When I was a little girl, I looked up at the sky every night to search for the brightest star. When I found it, I closed my eyes tight and made the same wish in my head, “Find a cure for my mom.”

I vividly remember repeating it as fast as I could when there was a shooting star, as I believed they had more power in granting wishes.

I never wished for a Barbie doll, a pet or a trip to Disneyland. I just wanted Behcet’s Disease to leave my mom’s body and our family.

This rare, incurable, autoimmune illness had incredible power over us, and I wanted to destroy it with my wishful thinking.

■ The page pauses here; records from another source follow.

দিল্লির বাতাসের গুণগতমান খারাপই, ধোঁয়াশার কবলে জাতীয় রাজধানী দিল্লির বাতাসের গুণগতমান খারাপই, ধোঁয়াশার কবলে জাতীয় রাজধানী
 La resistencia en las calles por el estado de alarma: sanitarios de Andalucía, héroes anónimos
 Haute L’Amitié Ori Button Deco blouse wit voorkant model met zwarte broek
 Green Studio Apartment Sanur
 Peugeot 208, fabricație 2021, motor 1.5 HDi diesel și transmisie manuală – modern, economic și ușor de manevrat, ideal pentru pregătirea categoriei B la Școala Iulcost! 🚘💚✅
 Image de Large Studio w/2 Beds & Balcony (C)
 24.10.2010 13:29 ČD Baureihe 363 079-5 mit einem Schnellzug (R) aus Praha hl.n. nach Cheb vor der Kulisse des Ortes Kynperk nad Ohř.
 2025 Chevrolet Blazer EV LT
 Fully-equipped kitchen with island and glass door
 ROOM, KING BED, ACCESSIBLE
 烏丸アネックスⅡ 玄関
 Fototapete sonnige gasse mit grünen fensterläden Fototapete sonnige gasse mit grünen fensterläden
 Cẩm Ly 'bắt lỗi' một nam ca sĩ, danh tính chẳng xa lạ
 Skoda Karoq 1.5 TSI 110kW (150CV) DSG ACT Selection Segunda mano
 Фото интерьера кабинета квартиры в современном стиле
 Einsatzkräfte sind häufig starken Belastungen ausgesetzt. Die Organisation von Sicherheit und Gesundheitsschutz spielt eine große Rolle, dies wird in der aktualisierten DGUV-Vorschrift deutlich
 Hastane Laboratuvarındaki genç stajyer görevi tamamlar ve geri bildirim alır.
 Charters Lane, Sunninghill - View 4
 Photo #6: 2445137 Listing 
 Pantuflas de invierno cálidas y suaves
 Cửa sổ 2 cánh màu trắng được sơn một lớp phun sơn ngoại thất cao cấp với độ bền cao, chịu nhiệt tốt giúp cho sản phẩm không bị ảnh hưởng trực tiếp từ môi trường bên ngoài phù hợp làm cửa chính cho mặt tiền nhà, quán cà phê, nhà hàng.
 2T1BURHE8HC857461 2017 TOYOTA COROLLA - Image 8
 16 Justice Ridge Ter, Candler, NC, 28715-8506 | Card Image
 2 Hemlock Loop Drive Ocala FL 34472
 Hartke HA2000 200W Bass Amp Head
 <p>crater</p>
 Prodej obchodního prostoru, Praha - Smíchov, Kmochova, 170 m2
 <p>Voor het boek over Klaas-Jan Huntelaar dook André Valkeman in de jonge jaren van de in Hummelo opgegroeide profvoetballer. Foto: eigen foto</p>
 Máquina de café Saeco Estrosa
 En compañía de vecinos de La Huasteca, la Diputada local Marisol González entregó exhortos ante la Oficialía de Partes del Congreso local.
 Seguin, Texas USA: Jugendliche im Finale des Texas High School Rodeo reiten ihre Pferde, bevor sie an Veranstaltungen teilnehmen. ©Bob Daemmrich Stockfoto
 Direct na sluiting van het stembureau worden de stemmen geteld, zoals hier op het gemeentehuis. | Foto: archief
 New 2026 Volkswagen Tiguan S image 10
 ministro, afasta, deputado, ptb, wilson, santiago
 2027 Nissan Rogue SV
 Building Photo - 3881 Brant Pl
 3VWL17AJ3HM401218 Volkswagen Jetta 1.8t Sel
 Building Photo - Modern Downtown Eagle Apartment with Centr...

As you can guess, it never came true.

However, other unexpected wishes did.

Resiliency, Empathy and Hope.

These aren’t your typical wishes, but they serve a purpose in my life. They guided me through my childhood into adulthood, viewing things with a different perspective.

I remember how angry I would get when I heard peers making fun of someone due to their appearance or struggle with a task. I could feel the pain from the insults, and I would speak up. They needed to be aware of an invisible disease.

I wanted people to feel included and accepted as they are.

Often times, I played a care-taking role, retrieving ice packs, medication and a thermometer for my mom. The flare-ups were harsh and restricted her to a dark bedroom while waiting in agony for the pain to diminish.

Those were the nights I searched for a shooting star.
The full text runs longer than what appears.